Remember, glass is exceptionally strong in compression. And the inner core can't be scratched by daily use, so fractures aren't initiated and the high "laboratory" tensile strength of glass is able to come into play. So tempered glass gets the best of glass's material properties, without the downsides.
In order for tempered glass to crack, the surface must be put in tension so a fracture can propagate away from a surface scratch. But it's already in compression -- meaning breaking tempered glass requires overcoming all that residual internal compressive stress. Thus, the failure point is dramatically raised.
http://chicagowindowexpert.com/2...
And in an extremely fortuitous turn of events, as soon as a crack does manage to penetrate the surface to reach the high-tension core, the entire pane of glass shatters into tiny pieces. All that trapped internal tension just needs a single fracture to get it started, and the whole high-stress zone breaks itself to bits. This means broken tempered glass makes thousands of small pieces rather than large jagged shards. This is a huge safety feature in applications like cars where broken glass may strike passengers in an accident.
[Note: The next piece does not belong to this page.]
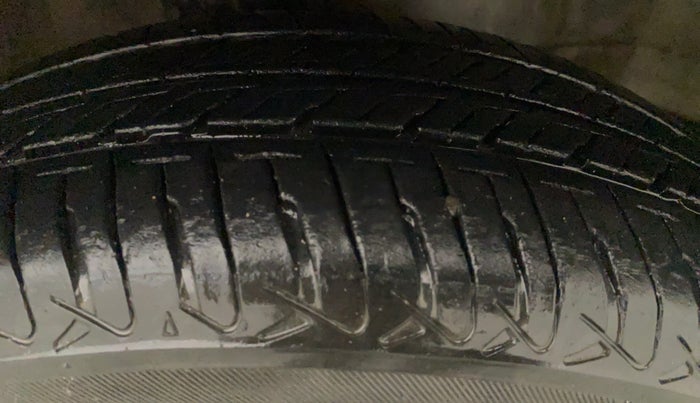2013 Maruti Wagon R 1.0 VXI, Petrol, Manual, 44,509 km, Left Front Tyre Tread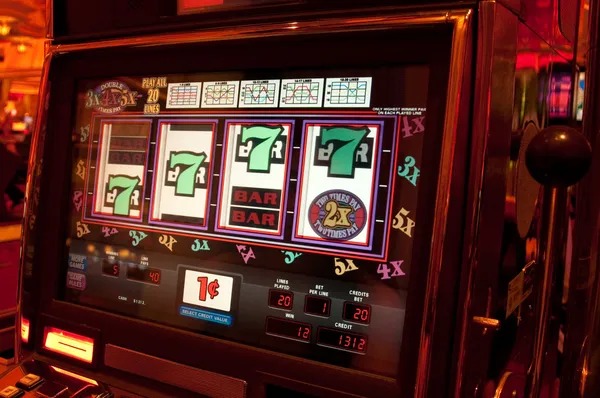 Live dealer announcing Dadu Online result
I find this to be a marvelous concept. By putting glass under great internal stress, we make it more resistant to external stress! Rapid cooling destroys regular hot glass, but strengthens reallyhot glass."
......the salt/halide arcs need to run at a specific temp for them to operate optimally.....
......the top hid bulb manufactures(Philips/Osram/hortilux) don't recommend cool-tubes for this reason. The top fixture/reflector manufactures(gavita/pappilon) don't make a cool-tube also for the same reason. The top growers/ops don't use cool-tubes for the same reason...lol, see a pattern?.